BEGIN MATERIAL PROVIDED
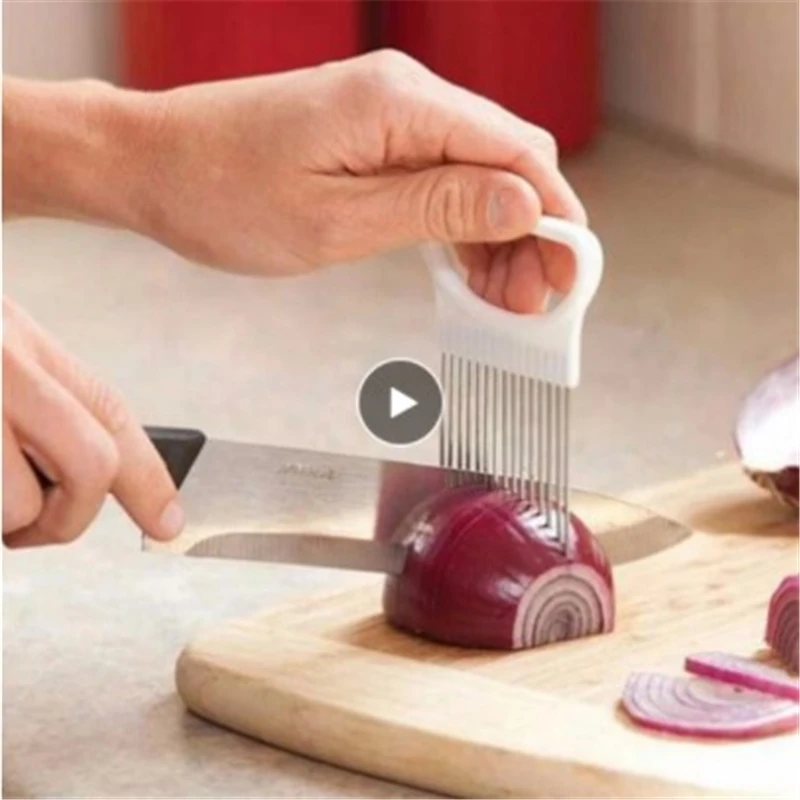 1PC Stainless Steel Onion Needle Onion Holder Handheld Simple Slicer Fruit Vegetable Cutter Potato Kitchen Tool Bar Accessories
1PC Stainless Steel Onion Needle Onion Holder Handheld Simple Slicer Fruit Vegetable Cutter Potato Kitchen Tool Bar Accessories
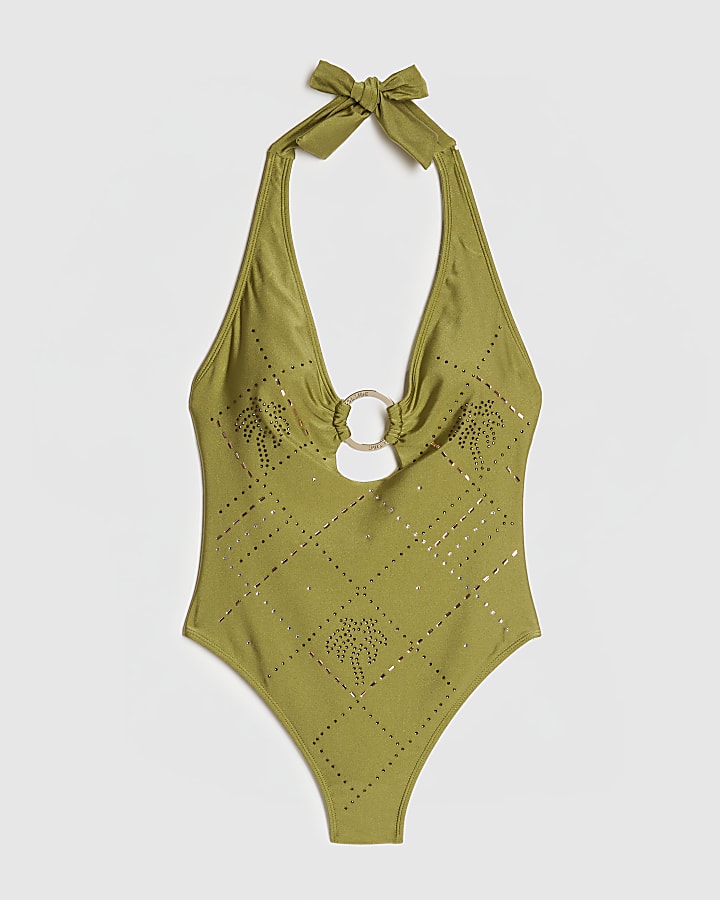Khaki Diamante Ring Swimsuit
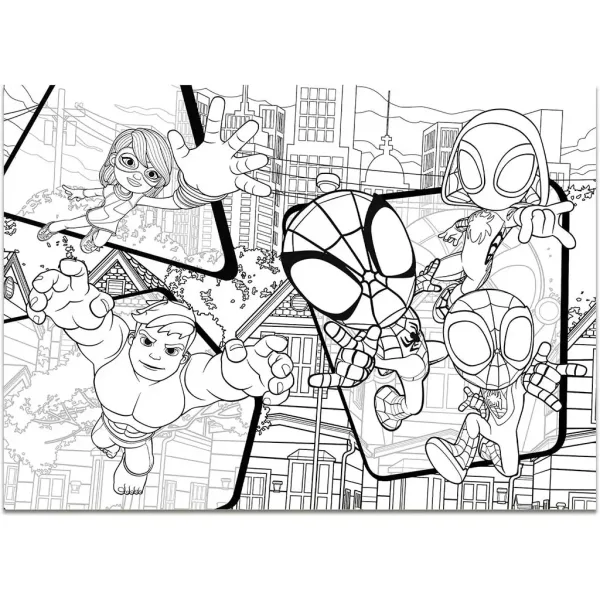 Marvel Spidey 2 în 1 maxi puzzle 4x48 piese și carte de colorat 35x25cm - Lisciani imaginea 3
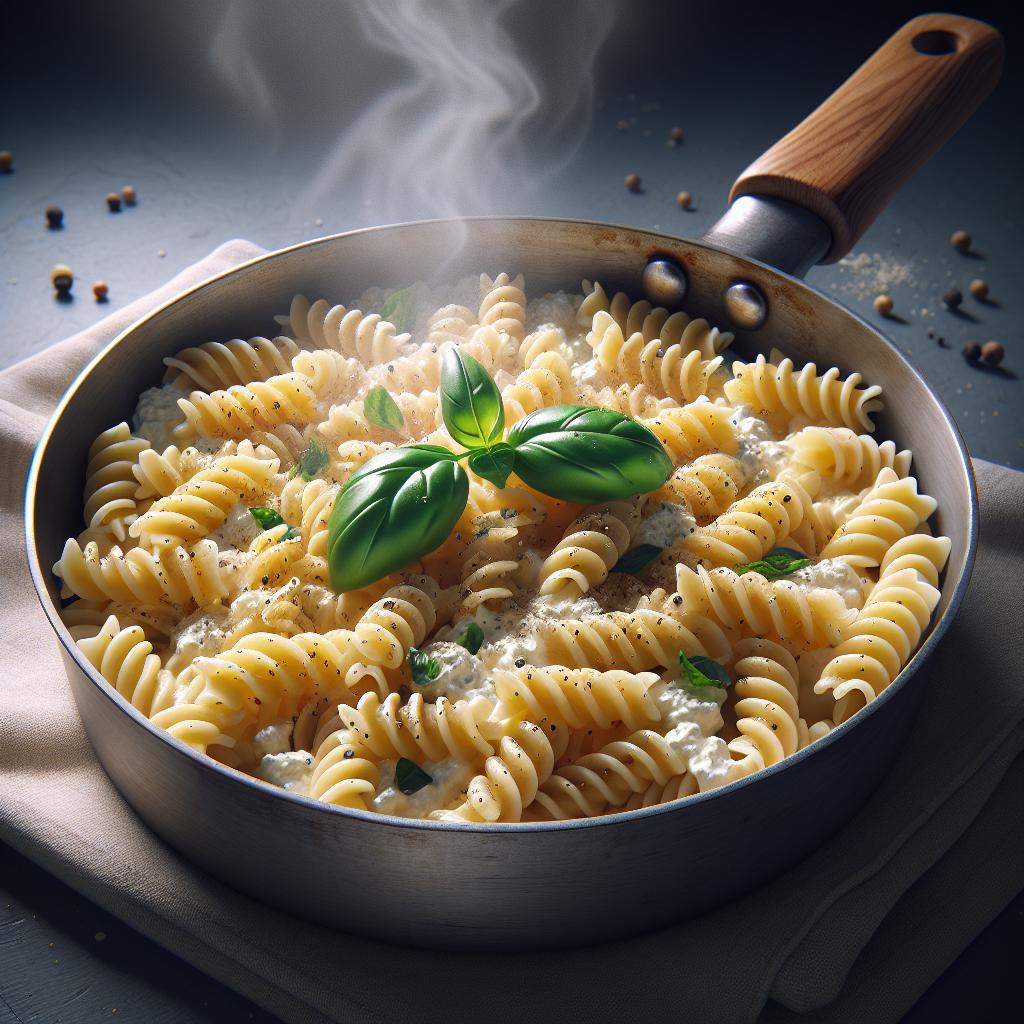 Fusilli ricotta, aceite y pimienta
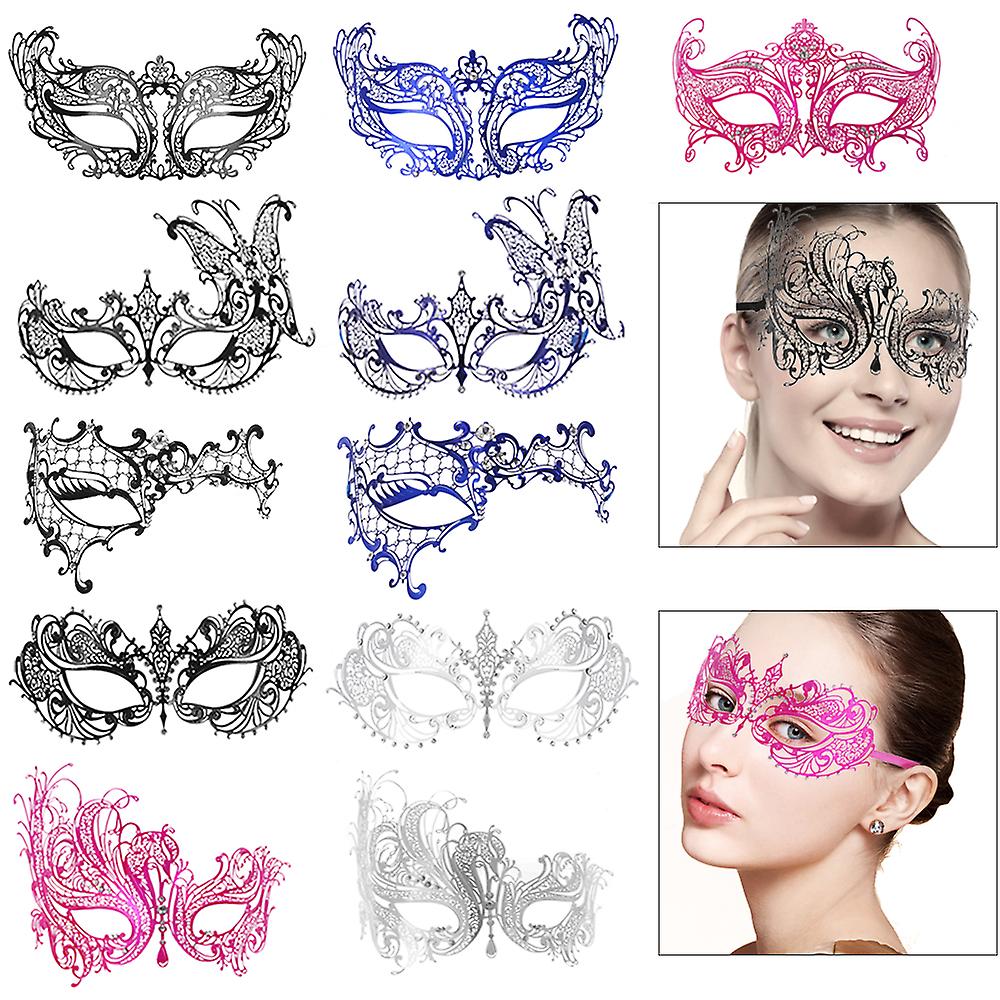 Black Festnight Luxury Butterfly Design Black Laser Cut Metal Half Mask With Rhinestones Masquerade Ball Halloween Mask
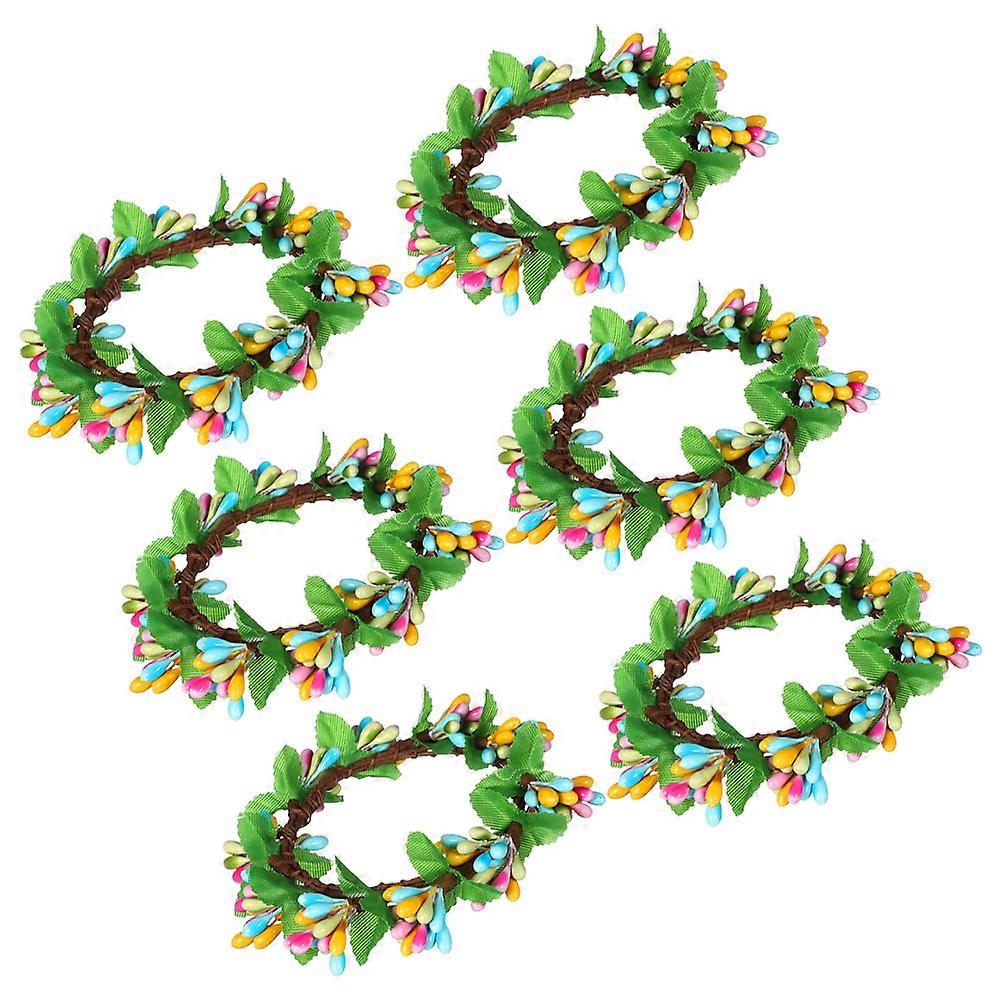 Spring Holiday Candle Ring Wreath for Easter Decoration 12Pcs
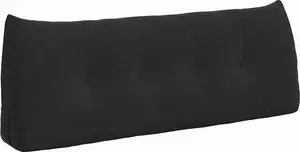 Подушка для спины , черная, 120 x 24 x 50 см, бархат vidaXL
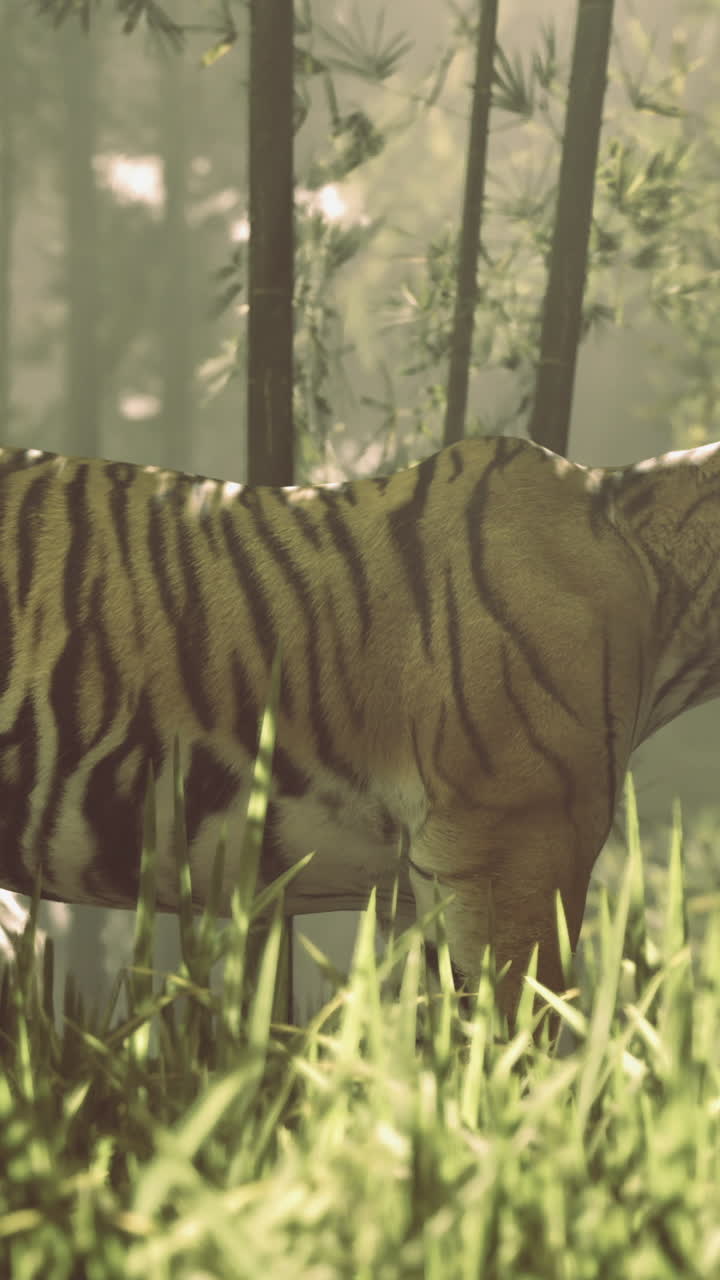 Majestic tiger walking through lush green forest during golden hour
END MATERIAL PROVIDED
→ **PROBLEM DETAILS**: Exact copy, pictures excluded: restate every record above word for word.

→ **EXERCISE OUTPUT**:
 1PC Stainless Steel Onion Needle Onion Holder Handheld Simple Slicer Fruit Vegetable Cutter Potato Kitchen Tool Bar Accessories
1PC Stainless Steel Onion Needle Onion Holder Handheld Simple Slicer Fruit Vegetable Cutter Potato Kitchen Tool Bar Accessories
Khaki Diamante Ring Swimsuit
 Marvel Spidey 2 în 1 maxi puzzle 4x48 piese și carte de colorat 35x25cm - Lisciani imaginea 3
 Fusilli ricotta, aceite y pimienta
 Black Festnight Luxury Butterfly Design Black Laser Cut Metal Half Mask With Rhinestones Masquerade Ball Halloween Mask
 Spring Holiday Candle Ring Wreath for Easter Decoration 12Pcs
 Подушка для спины , черная, 120 x 24 x 50 см, бархат vidaXL
 Majestic tiger walking through lush green forest during golden hour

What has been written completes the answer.